Kamis (21/11), Kepemimpinan dan Kerja Sama Tim merupakan salah satu soft skill yang wajib diikuti oleh seluruh mahasiswa Program Studi Magister Ekonomika Pembangunan (MEP) Fakultas Ekonomika dan Bisnis Universitas Gadjah Mada (FEB UGM). Kuliah umum ini menghadirkan pembicara Alfath Bagus Panuntun El Nur Indonesia, S.I.P., M.A.. Beliau adalah, seorang dosen dan aktivis dengan pengalaman luas dalam bidang kepemimpinan, advokasi, dan pengembangan tim.

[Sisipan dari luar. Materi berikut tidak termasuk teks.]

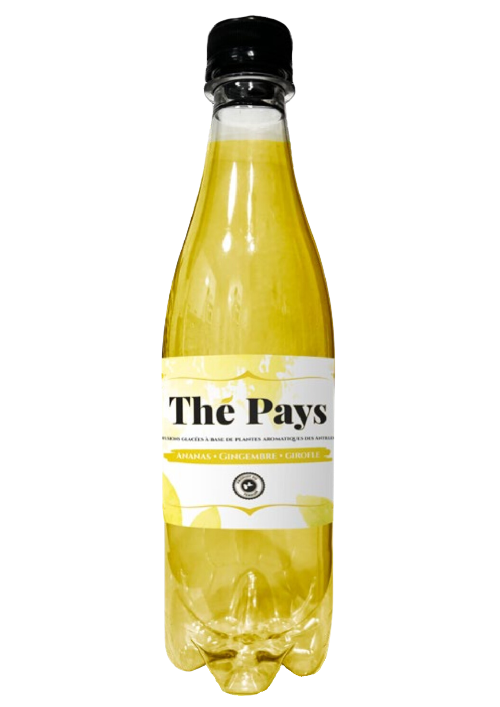 Thé Pays Ananas/Gingembre/Girofle 50 cl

Kuliah umum dimulai dengan diskusi interaktif terkait hubungan antara isu-isu terkini di Indonesia dan konsep kepemimpinan. Mulai dari isu demonstrasi hingga UU Pilkada, mahasiswa tanpa sadar dibawa masuk ke materi kuliah umum agar merasa lebih santai dan, menyenangkan, untuk memahami topik yang lebih dalam mengenai kepemimpinan.

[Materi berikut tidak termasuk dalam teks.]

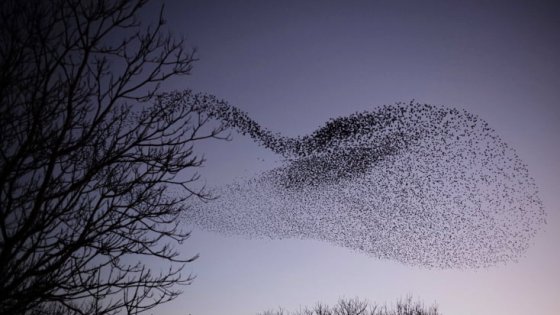 A cloud of starlings in the sky. Photo Progrès /Philippe TRIAS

Kepemimpinan yang ideal, mencakup dua aspek utama: keberanian untuk mengambil sikap dan keteladanan sebagai contoh yang baik bagi orang lain, kata Alfath dalam paparannya. Lebih lanjut juga menyampaikan bahwa pemimpin yang efektif harus memiliki niat yang baik, keberanian, akhlak terpuji, visi besar, dan transendensi dalam setiap langkahnya.

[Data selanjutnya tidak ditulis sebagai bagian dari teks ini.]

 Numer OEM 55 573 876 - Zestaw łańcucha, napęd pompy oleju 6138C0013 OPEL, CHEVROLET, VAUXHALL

Alfath menekankan pentingnya kolaborasi dalam kepemimpinan masa kini. Menurutnya, kecerdasan kolektif jauh lebih penting daripada persaingan semata. Pemimpin yang baik bukan hanya yang mengatur dan memimpin, tetapi juga yang dapat mengharmoniskan tim dengan cara berbagi tanggung jawab dan bekerja bersama.
Alfath juga mengangkat masalah ketidakpercayaan yang sering terjadi di Indonesia. Ia berpesan kepada mahasiswa untuk memiliki sikap transparan dalam setiap tindakan, terutama saat mengambil keputusan. “Dalam demokrasi, prinsip transparansi dan akuntabilitas sangat penting. Pemimpin harus bisa menjelaskan kebijakan atau keputusan dengan jelas agar dipahami oleh bawahan,” ujarnya. Ia juga menekankan bahwa pemimpin harus setia dan melayani, memenangkan hati orang lain, bersikap adil dan bijaksana, memberi arahan yang jelas, serta memberikan apresiasi kepada setiap usaha dan kontribusi tim.
Salah satu sesi yang menarik adalah saat seorang mahasiswa bernama Eka bertanya mengenai dinamika politik terkini dan peran mahasiswa dalam menyuarakan demokrasi. Eka menyampaikan kekhawatirannya mengenai mahasiswa yang terkendala oleh kesibukan atau urgensi lain sehingga tidak bisa ikut serta dalam demonstrasi langsung. Alfath menjawab bahwa di era new social movement seperti sekarang, mahasiswa dan akademisi dapat menggunakan media sosial sebagai alat untuk menyuarakan pendapat, memberikan edukasi politik, dan berpartisipasi dalam perubahan sosial.
Diakhir sesi Alfath memberikan pesan inspiratif agar mahasiswa tidak pernah lelah untuk berkontribusi kepada bangsa, baik secara personal maupun kolektif. “Setiap orang dapat memberikan kontribusi dalam bidang masing-masing, baik secara individu maupun bersama-sama,” ujarnya.